Linking peripheral gene expression and brain anatomy

These analyses sought to validate the relationship between CNV gene expression and cortical MS using the axis of interindividual variation. We could test the relationship between interindividual variation of gene expression and cortical MS using a subset of 55 CNV carriers in our study from whom we had gathered measures of LCL gene expression as well as sMRI brain scans. These study participants all carried an extra X-chromosome (11 XXX, 23 XXY, 11 XXYY), and originated from the National Institutes of Health Sex Chromosome Aneuploidy cohort. Details of sMRI data collection and MS map calculation for this cohort have already been described above. As part of a previously published gene expression study, we had also generated qRT-PCR (quantitative reverse transcription polymerase chain reaction) measures of gene expression in LCL tissue from these participants for 11 DS X-linked genes. These 11 genes had been selected based on a genome-wide microarray screen for X-chromosome dosage effects on LCL gene expression in sex chromosome aneuploidy conditions29. The methods for generation, preprocessing and analysis of these qRT-PCR data have been detailed previously29. Briefly, RNA was extracted by standard methods (Qiagen), and qRT-PCR was performed using the Fluidigm platform. For data processing, an assay with Ct > 23 was deemed to be not expressed. Expression data were normalized relative to the averaged expression of the two housekeeping genes ACTB and B2M, which were not differentially expressed across groups in either microarray or rtPCR data.

Before inter-relating gene expression and cortical MS across these 55 +X carriers, we first scaled gene expression and MS data across individuals within each karyotype group to remove between-karyotype group effects. This enabled us to test if, within any given +X karyotype group, greater disruption of DS gene expression was related to a cortical MS map that more strongly resembled the +X MS change map (Fig. 1b). To achieve this we used PLS regression to interrelate interindividual variation in gene expression and interindividual variation in cortical MS (see above). Partial least squares regression defined a principal component of covariance between gene expression and cortical MS across patients, and feature loadings onto this component: one for each gene, and one for each cortical region. The cortical region loadings from this PLS component were then compared to the +X cortical MS change map in order to test of those regions which are most sensitive to X chromosome dosage are also those that vary most with interindividual variation in expression of DS X-linked genes among carriers of an extra X chromosome. This map comparison consisted of computing the spatial correlation between PLS loadings and the +X MS change map, and comparing this correlation to the distribution of 10,000 correlations given by random spatial rotations of the +X MS change map (i.e., PSPIN).

Defining brain-specific genes

The genes included within the AHBA dataset cannot be assumed to be all brain-expressed. In our analytic approach of ranking genes based on the multivariate correlation (via PLS regression) between their brain expression and CNV-induced anatomical changes, high-ranking genes must show some spatial variation in their expression such that they have a non-zero expression in at least some brain regions. Not filtering the GO and single-cell analyses by brain expression would therefore risk artifactual elevation of GO terms (and cell-type enrichments) relating to brain expression.

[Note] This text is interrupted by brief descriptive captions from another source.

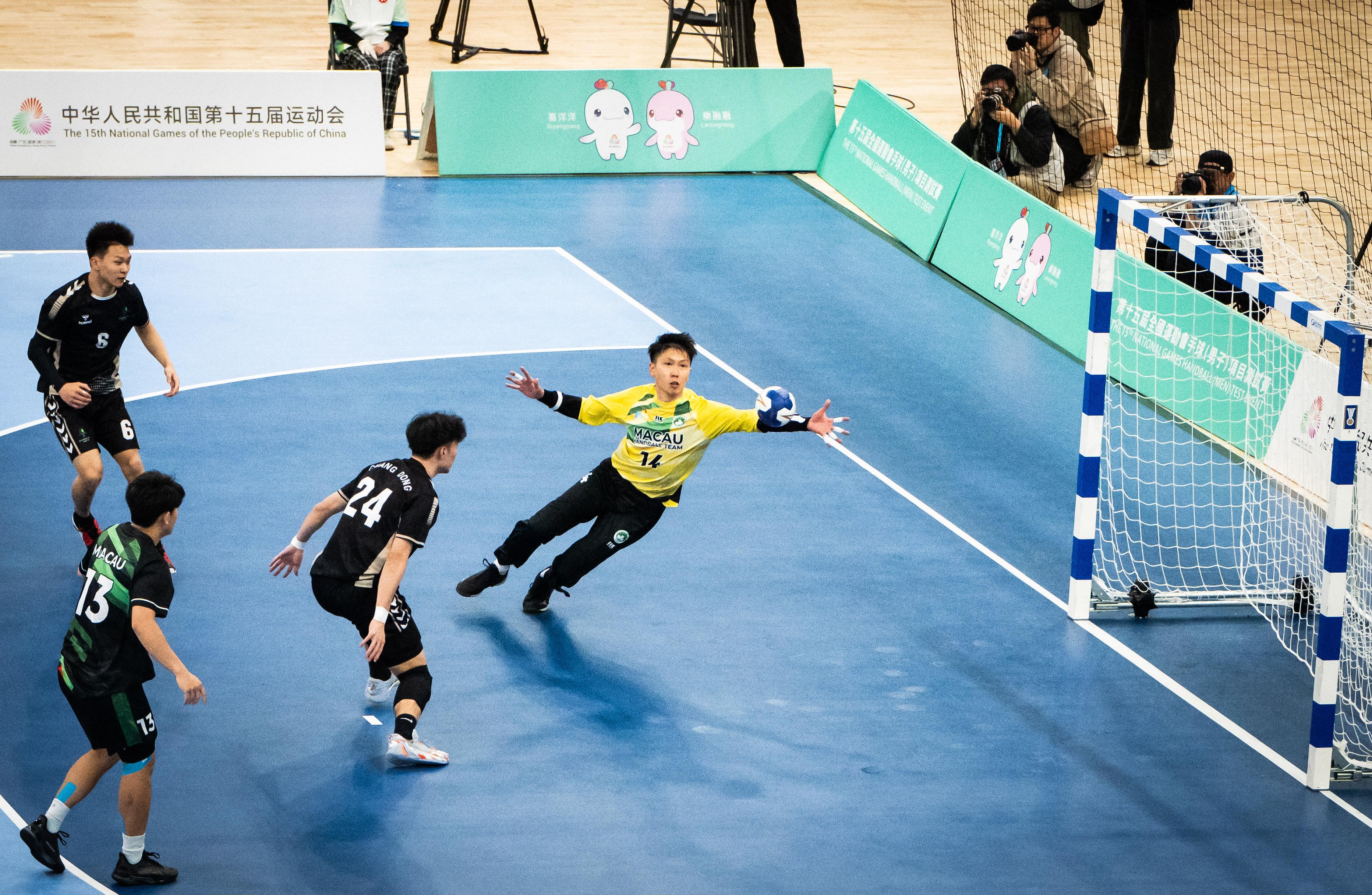 The 15th National Games Handball (Men) Test Event was held at Kai Tak Arena, Kai Tak Sports Park today (February 23). Photos shows Guangdong Men's Handball Team competing with Macao Men's Handball Team at the event.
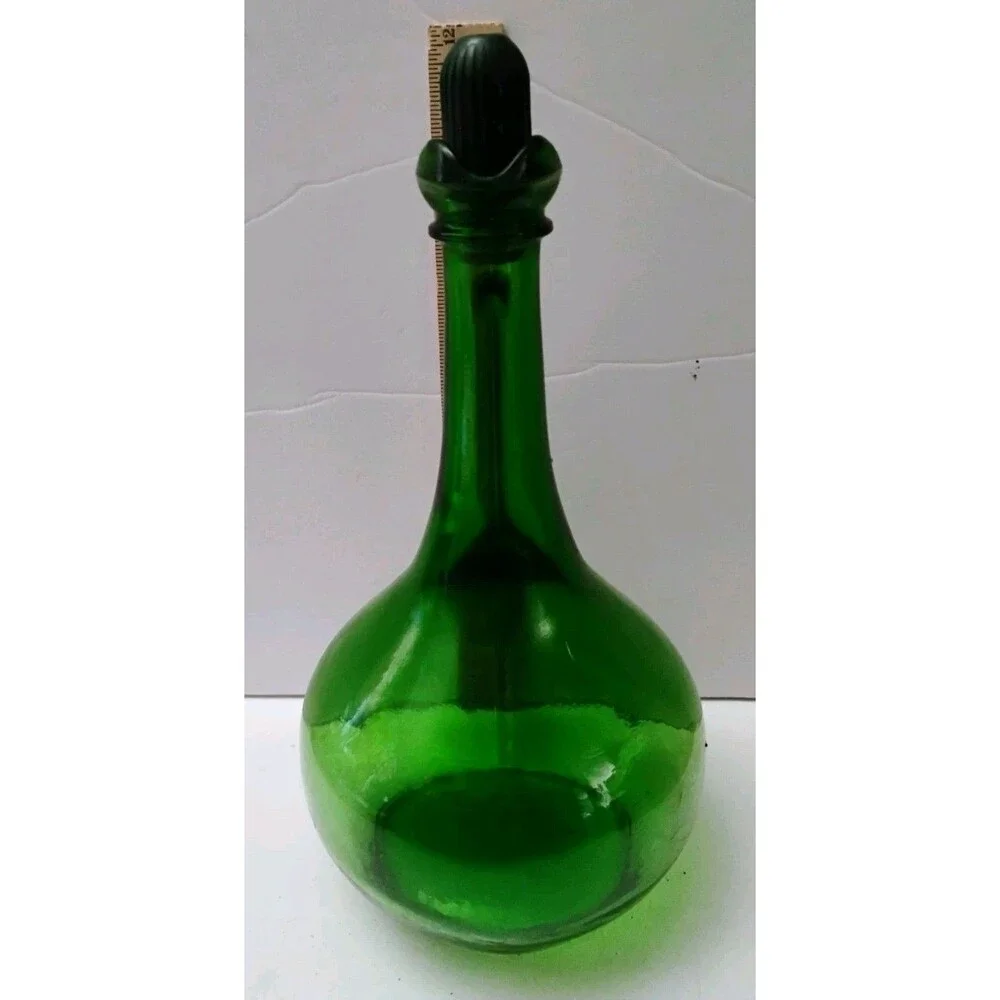 Vintage 1976 Wine World Green Glass Decanter Bottle 1.5L With Handle Stopper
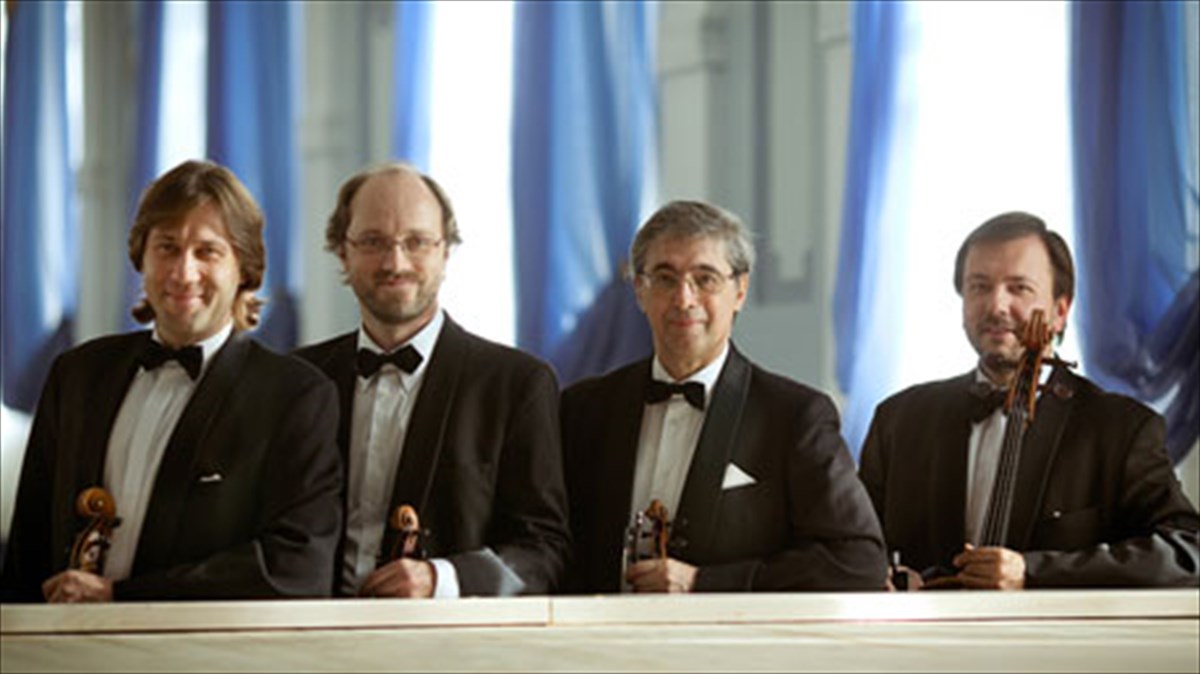 mia-bradia-mousikis-domatiou-me-idanikous-ermineutes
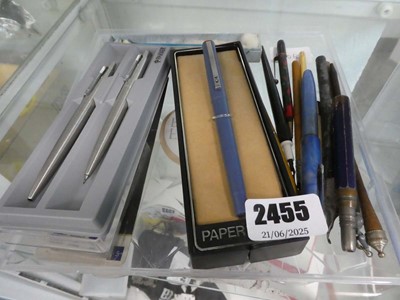 Lot 2455 - Selection of various pens including Papermate,...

Thus, for the GO enrichment analyses and the single-cell enrichment analyses detailed above, we first thresholded our whole-genome gene set (N = 15,043) to only contain genes that were determined as brain-expressed via the Human Protein Atlas (HPA; https://www.proteinatlas.org/) database of normal tissue expression. Genes whose levels of expression were not-detected (as determined by the HPA) in the cerebral cortex were excluded, yielding a list of N = 7971 genes with detected brain expression (Supplementary Dataset 7).

Reporting summary

Further information on research design is available in the Nature Research Reporting Summary linked to this article.